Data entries
────────

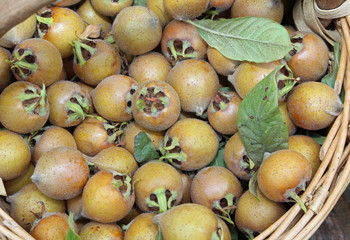 organic ripe loquats in a basket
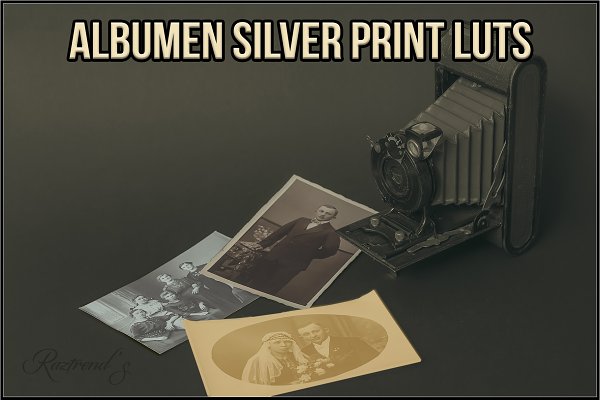 Download Albumen Silver Print LUTs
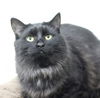 adoptable Cat in Thief River Falls, MN named Andi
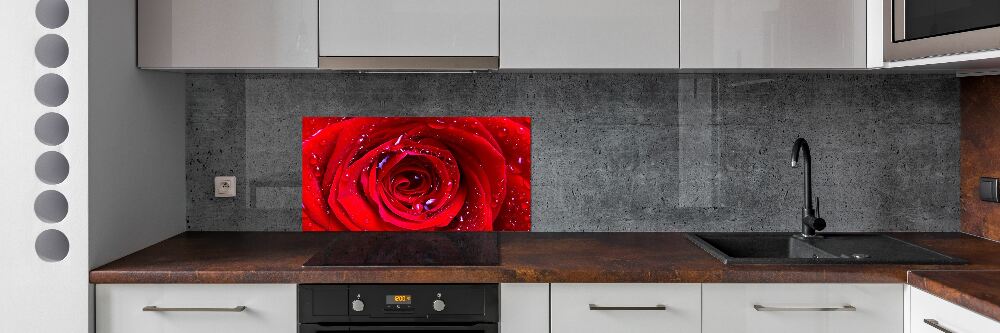 Panel dekor szkło Kwiat róży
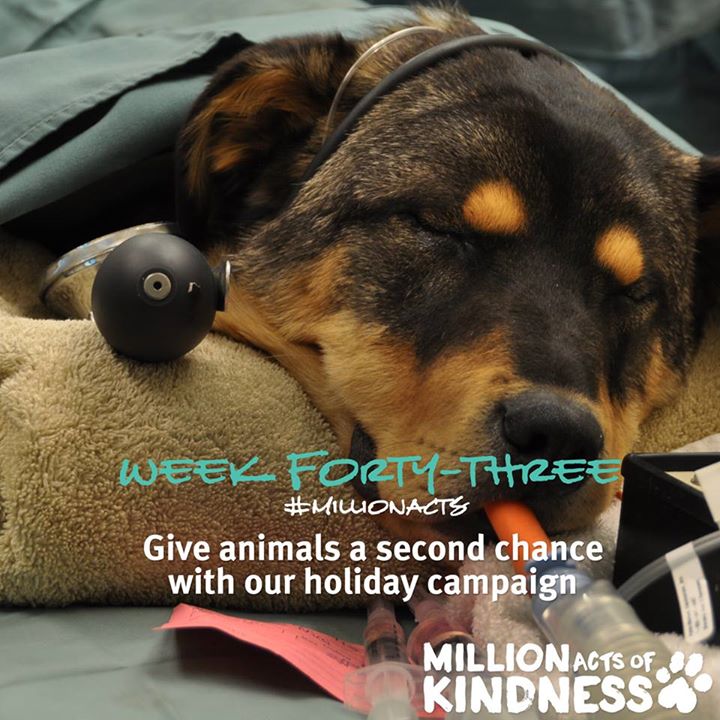 BC SPCA / BCSPCA tweet media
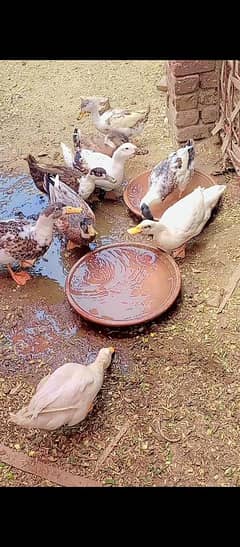Ducks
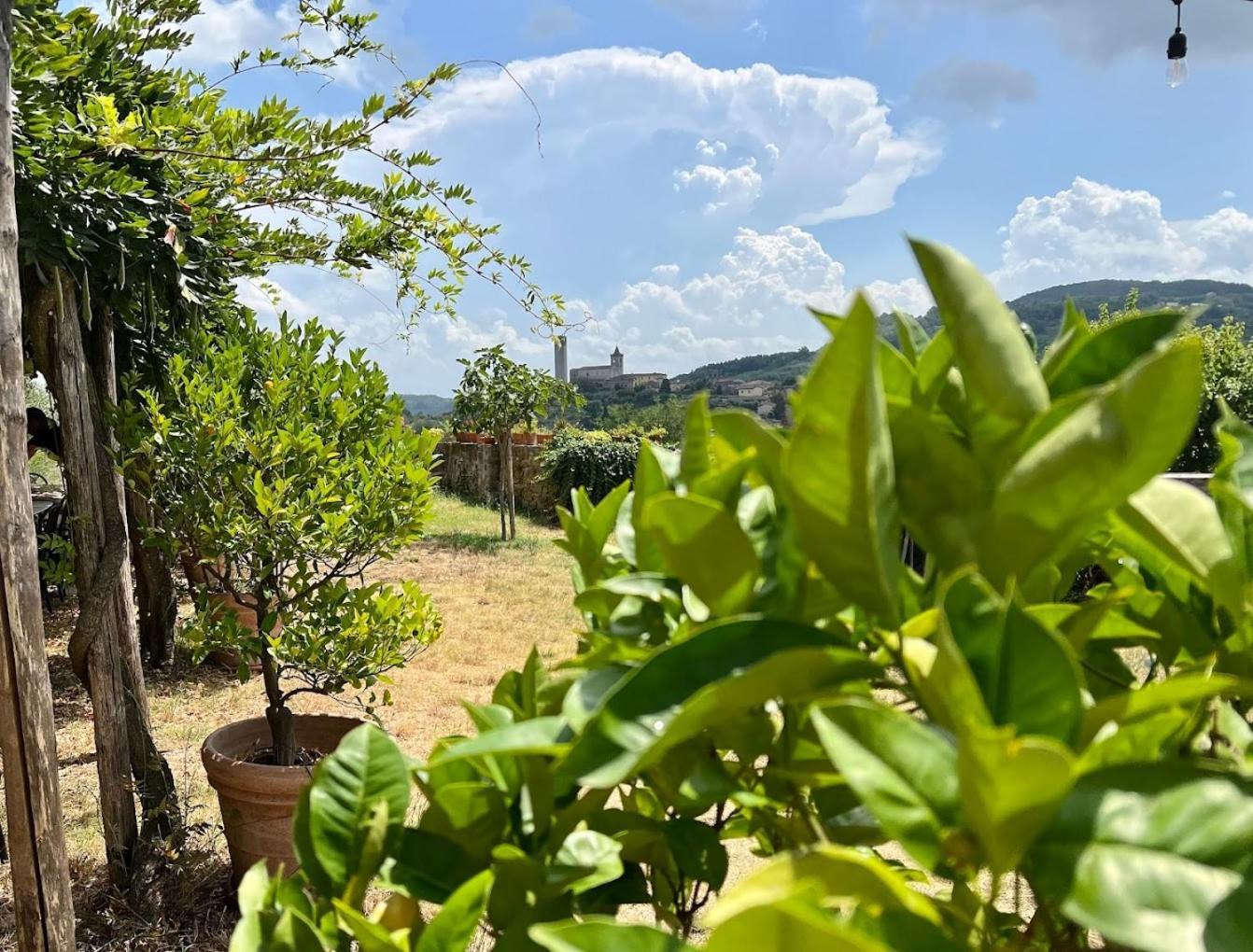 Agriturismo I Pitti Serravalle Pistoiese المظهر الخارجي الصورة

────────

Please print out the entries above exactly. The pictures stay out.

 organic ripe loquats in a basket
 Download Albumen Silver Print LUTs
 adoptable Cat in Thief River Falls, MN named Andi
 Panel dekor szkło Kwiat róży
 BC SPCA / BCSPCA tweet media
Ducks
 Agriturismo I Pitti Serravalle Pistoiese المظهر الخارجي الصورة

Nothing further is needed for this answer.